Nettement moins foisonnant et moins apocalyptique que « La nuit » (2013), n’hésitant pas à se risquer à faire toucher du doigt à la lectrice ou au lecteur l’ennui et l’inaction qui rongent l’ex-hacker (réel ou imaginaire) dans ce petit village forestier qui lui donne par moments des allures de Numéro 6 à la Patrick McGoohan, cet apparent « Fargo Meets Neuromancer » est pourtant sans doute sensiblement plus subtil et plus rusé. Jouant en véritable maître avec les fantasmes et les mythes que notre début de 21ème siècle peut désormais aisément projeter sur les apparences comme sur les faits, ambigus ou non, Frédéric Jaccaud torture son héros, pour notre plus grande joie sadique et songeuse, de doutes et de regrets, d’éclairs de lucidité et d’aveuglements terribles, évoluant au millimètre entre des abîmes qui pourraient être aussi bien ceux de gigantesques complots que ceux de la folie intime.
Dans l’unique pièce à vivre, les premiers entassements visibles dessinent un code-barres incertain contre le mur ; des piles hétéroclites de livres s’élèvent du sol à mi-plafond et se concurrencent en hauteur et en stabilité – des livres mineurs lus en un seul soir, coincés entre le volant de la voiture allemande et la fumée de cigarette, qui se seront aussitôt fait oublier, enserrant sans aucune pudeur des œuvres majeures dont le décryptage a demandé des heures de concentration. Leur côtoiement vertical peut faire croire à une tentative artistique ; un questionnement sur la valeur de la littérature au sens de production de masse. Mais ces piliers se sont érigés dans un désordre imposé par l’indétermination de mes lectures, rien d’autre, aucun sens caché. Certaines colonnes se sont effondrées et les ouvrages jonchent lamentablement le sol, paraissent stupides et tragiques tels des cadavres de papier refusant de faisander.
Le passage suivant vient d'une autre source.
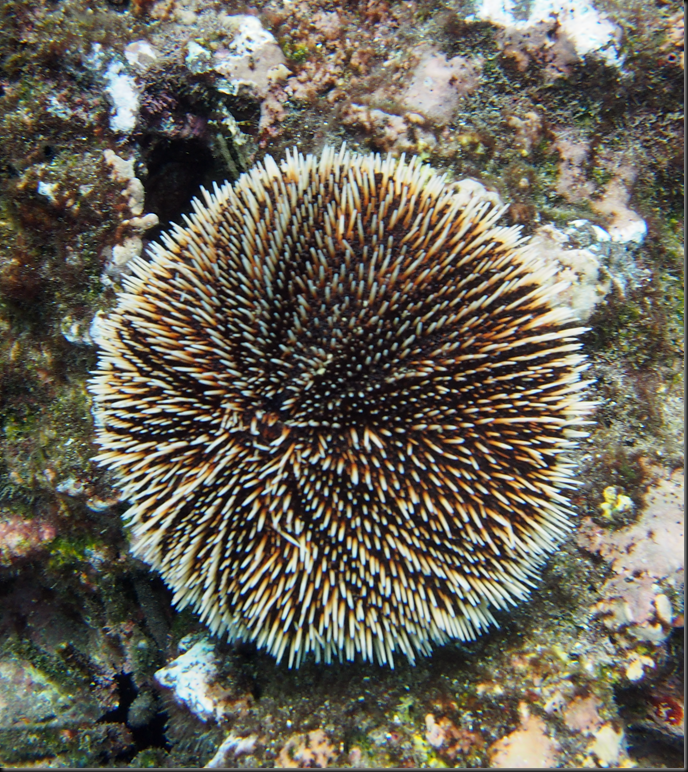 P2060048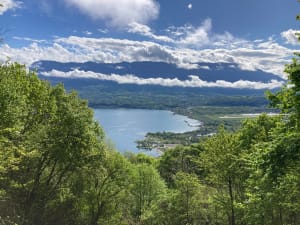 Un p'tit air d'ailleurs et vue extravagante sur le lac du Bourget - Le Bourget-du-Lac - 9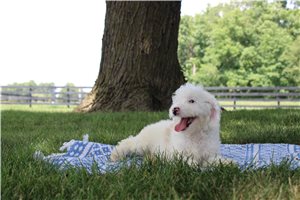 Noah - Goldendoodle, Mini for sale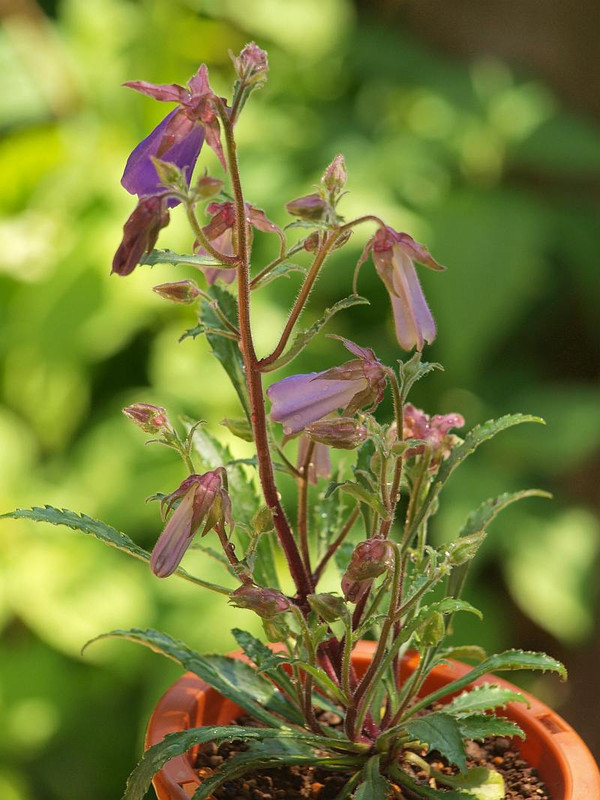 P4258186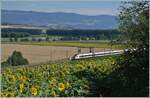 Two SBB ICN RABDe 500 trains are operating between Essert-Pittet and Ependes VD as IC5 519 on the way from Lausanne to Rorschach. The Lausanne-Yverdon line was opened on May 7, 1855, from Bussigny to Yverdon, and two years later, service to Lausanne began. On November 1, 1921, the Chavornay-Ependes section was upgraded to double track, and on May 14, 1933, the Ependes-Yverdon section of the line, which had been electrically operated since February 1, 1925, was upgraded to double track. It should be noted that the double track upgrade of the Lausanne-Bienne/Bienne line began in stages in 1872 and is now nearing completion with the final section, Ligerz-Twann. July 12, 2025
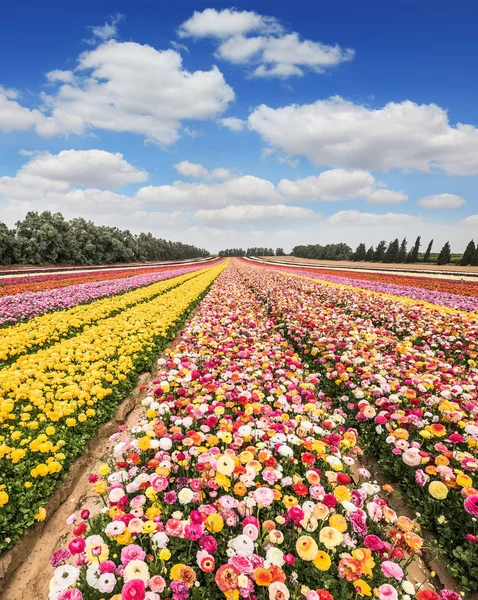 Цветочный ковер цветущих садовых лютиков — стоковое фото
Il faut accepter d’être un peu patient – surtout en regard des déferlements sauvages et continus de « La nuit » ou de « Hécate » – dans ce roman : la lectrice ou le lecteur en seront amplement récompensés en saisissant toute la joueuse perversité et toute la vertigineuse lucidité assemblées et mises en œuvre par Frédéric Jaccaud dans cette oscillation sans fin entre rêve et réalité, entre les images possibles de Henry Dorsett Case, Lorne Malvo et Lester Nygaard, rejoignant sans guère de paradoxe le voyage au bout de la nuit des « Résidents » (2014) de Maurice G. Dantec comme le précipice mythologique du « Crash-test » (2015) de Claro, dans un questionnement incessant et authentique, au long de ces 300 pages, du rôle de la littérature et de la culture dans la transformation de notre réalité.
Rarement la technologie, matière à fantasmes s’il en est, aura été aussi habilement et, osons-le ici, poétiquement, forcée à révéler ses équivoques fondamentales, d’utopie émancipatrice en marchandise aux ordres, d’instrument d’asservissement en chemin de rêve libérateur.